== Data below

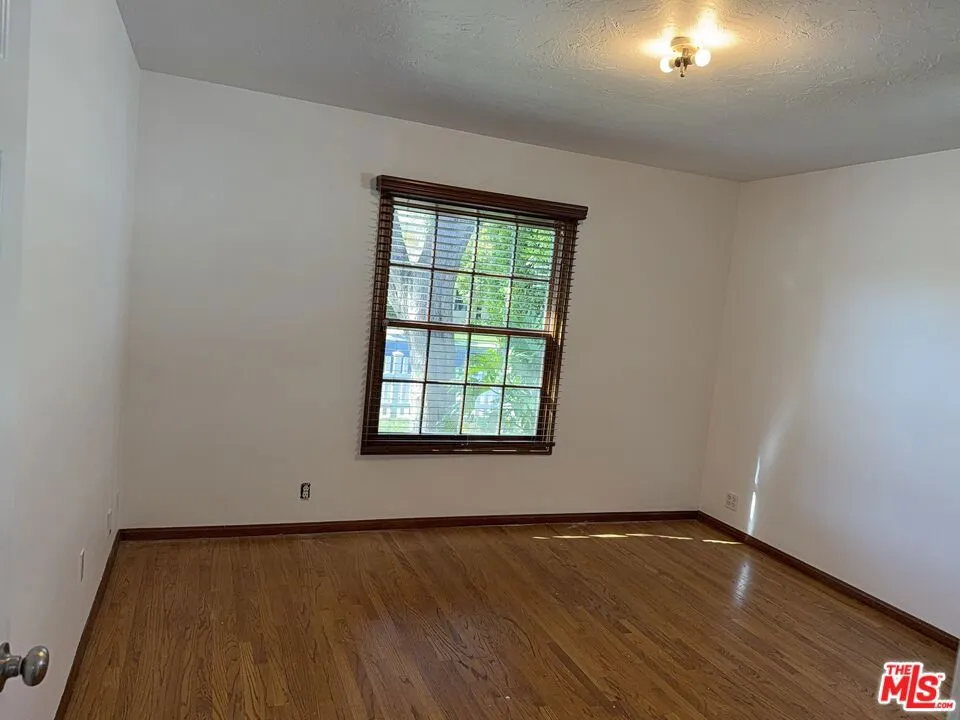 Sherman Oaks, California 91401, United States, 3 Bedrooms Bedrooms, ,3 BathroomsBathrooms,Residential,Active,249055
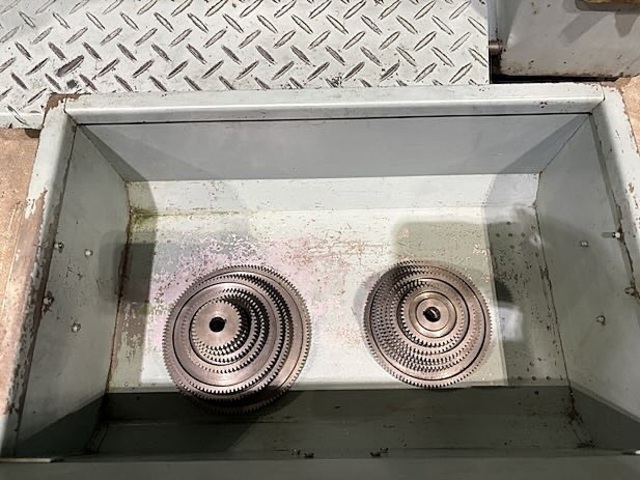 江黒 GL-120 Lathe Image 9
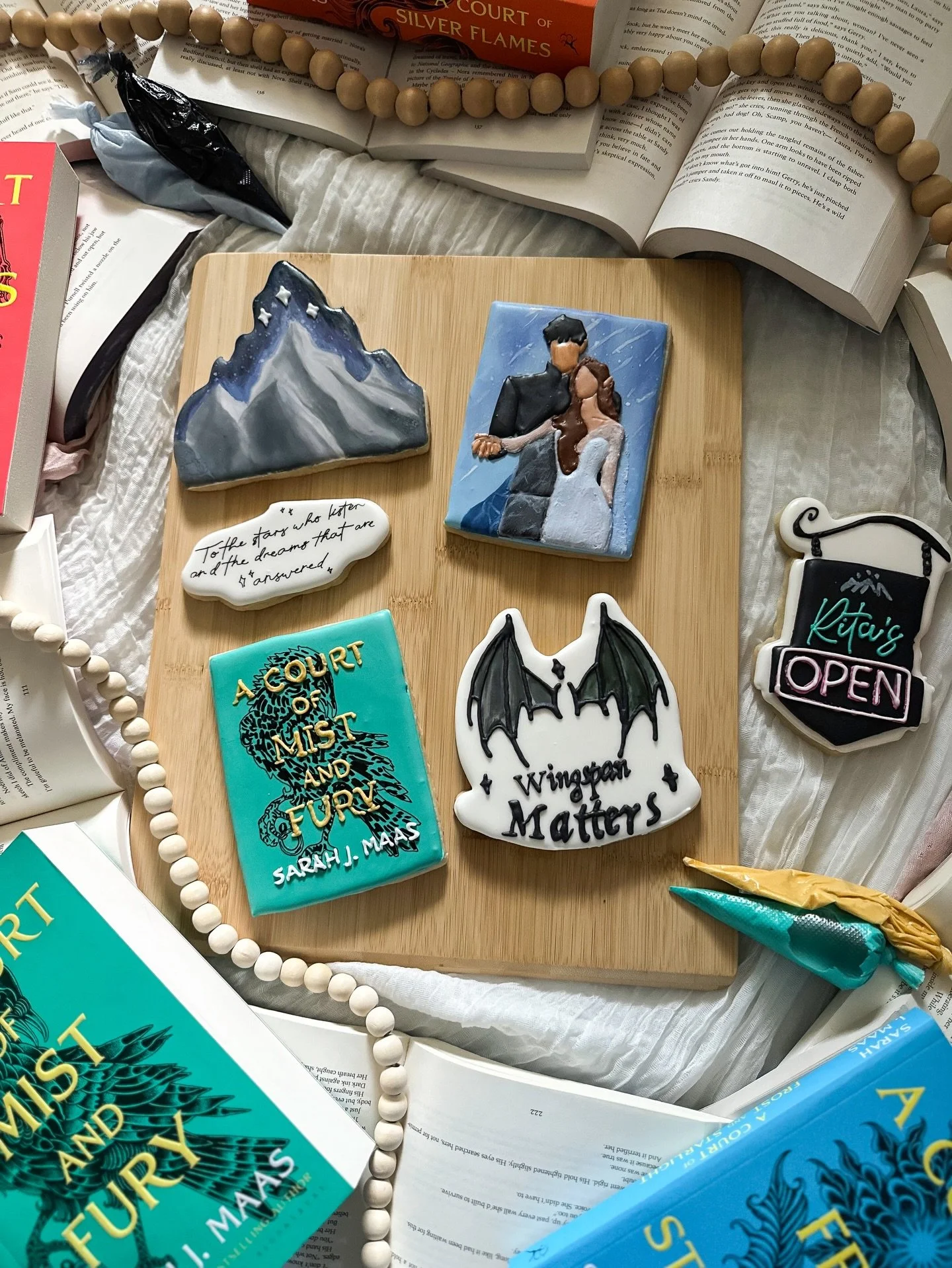 A Court Of Mist &amp; Fury themed cookies 🏔️💙 This book will always be one of my favorite love stories🥹 

I was so honored when the @thedaggeredpage asked me to make cookies for their special weekend 🥹🩵 Thank you for trusting me with making thes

====

*Required action*:
The job is to set down the whole listing exactly, excluding any images.

*Solution for this task*:
 Sherman Oaks, California 91401, United States, 3 Bedrooms Bedrooms, ,3 BathroomsBathrooms,Residential,Active,249055
 江黒 GL-120 Lathe Image 9
 A Court Of Mist &amp; Fury themed cookies 🏔️💙 This book will always be one of my favorite love stories🥹 

I was so honored when the @thedaggeredpage asked me to make cookies for their special weekend 🥹🩵 Thank you for trusting me with making thes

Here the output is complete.